# Deja Vu Bar (525 Little Lonsdale St, Melbourne)



## Beer Krout (2/4/12)

The Biero name might be gone, but the place has reopened as the Dejavu Bar.
I went there on Saturday night, before the Dons/North game.
The place is exactly the same. 12 taps of craft brew, 10 beer vaults full of beer.
The fantastic wednesday $6 pint night is still on and the $5 cover charge has been removed.
http://dejavubar.com.au

Talked to the bar guy and he said. The only things changed is the owners.
The sold up and decided to take the name with them.
Staff, Cook and love of craft beer are all staying the same.

Cheers
BK


----------



## doon (2/4/12)

Awesome!


----------



## Josh (2/4/12)

Great news, but it didn't help a thirsty me when I was walking the streets of Melbourne in January.


----------



## Wolfy (4/7/12)

Being a Wednsday night and all (and since we had dinner just around the corner) I couldn't help but stop in.
The place looks identical to how it used to under its old name, and tonight's beer list was very much one for the hop-heads:


----------



## Wolfman (5/7/12)

SWEET! Will be organising another work function there again this year.


----------



## doon (5/7/12)

I am going there next Wednesday with mates should be good! 6 buck pints yeah!


----------



## Wolfman (12/9/12)

Is the $6 pint night still on?


----------



## doon (12/9/12)

By the looks of their website it doesn't seem so


----------



## Wolfman (12/9/12)

I had a look on the website as well. Does not say they do, BUT sent them a message and................. she's still a goer!


----------



## Acasta (12/9/12)

That place is dead lately. The crowd is much older and less people are going. Can't figure out why.


----------



## sah (4/9/13)

Visiting from out of town, Wed night $6 specials going strong. Amazing tap selection backed up ten fold by bottles in the fridge. Small quality pub menu from kitchen. AHB's own OscarMan behind the bar (chance meet) giving very astute and passionate advice on the best tipples.

Great night. Thank you.


----------



## bum (4/9/13)

Acasta said:


> That place is dead lately. The crowd is much older and less people are going. Can't figure out why.

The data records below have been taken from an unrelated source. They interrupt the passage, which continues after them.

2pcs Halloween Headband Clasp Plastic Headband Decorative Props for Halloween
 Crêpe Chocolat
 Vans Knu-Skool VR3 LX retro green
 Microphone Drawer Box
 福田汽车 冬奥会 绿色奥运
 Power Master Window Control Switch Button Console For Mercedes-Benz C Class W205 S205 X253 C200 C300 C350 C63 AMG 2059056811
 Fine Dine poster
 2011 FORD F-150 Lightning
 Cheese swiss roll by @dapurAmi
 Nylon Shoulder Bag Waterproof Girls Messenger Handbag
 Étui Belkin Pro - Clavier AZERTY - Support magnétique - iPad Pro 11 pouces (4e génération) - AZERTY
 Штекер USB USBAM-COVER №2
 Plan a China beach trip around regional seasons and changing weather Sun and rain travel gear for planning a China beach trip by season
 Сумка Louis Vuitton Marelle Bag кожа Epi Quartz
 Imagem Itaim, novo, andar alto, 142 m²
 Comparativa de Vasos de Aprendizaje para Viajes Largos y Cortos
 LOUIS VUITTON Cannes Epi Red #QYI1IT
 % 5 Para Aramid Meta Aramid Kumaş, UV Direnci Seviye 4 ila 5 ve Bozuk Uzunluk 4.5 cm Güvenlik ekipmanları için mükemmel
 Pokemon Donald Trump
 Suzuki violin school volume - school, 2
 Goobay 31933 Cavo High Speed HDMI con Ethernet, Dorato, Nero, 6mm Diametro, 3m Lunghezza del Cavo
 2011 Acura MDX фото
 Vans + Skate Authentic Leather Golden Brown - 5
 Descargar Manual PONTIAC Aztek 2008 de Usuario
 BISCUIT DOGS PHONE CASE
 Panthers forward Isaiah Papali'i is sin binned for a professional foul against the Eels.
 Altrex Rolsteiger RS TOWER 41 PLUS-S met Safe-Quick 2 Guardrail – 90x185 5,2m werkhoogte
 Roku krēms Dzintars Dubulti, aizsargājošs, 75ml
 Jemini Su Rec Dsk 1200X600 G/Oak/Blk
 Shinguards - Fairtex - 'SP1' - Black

CONSTANT Foo Fighters and Red Hot Chili Peppers.

Puts me off my beer, it does.


----------



## fcmcg (4/9/13)

Bum,
Dave Grohl is god....
That is all
Ferg


----------



## bum (4/9/13)

No. That is not all.

He's also a really ordinary musician.


----------



## WarmBeer (4/9/13)

fergthebrewer said:


> Dave Grohl is god....


I think your dyslexia is kicking in there, Ferg.


----------



## Bridges (5/9/13)

bum said:


> CONSTANT Foo Fighters and Red Hot Chili Peppers.
> 
> Puts me off my beer, it does.


Could be worse...


----------



## Khellendros13 (6/9/13)

I'd rather Foo Fighters than top 40 shit.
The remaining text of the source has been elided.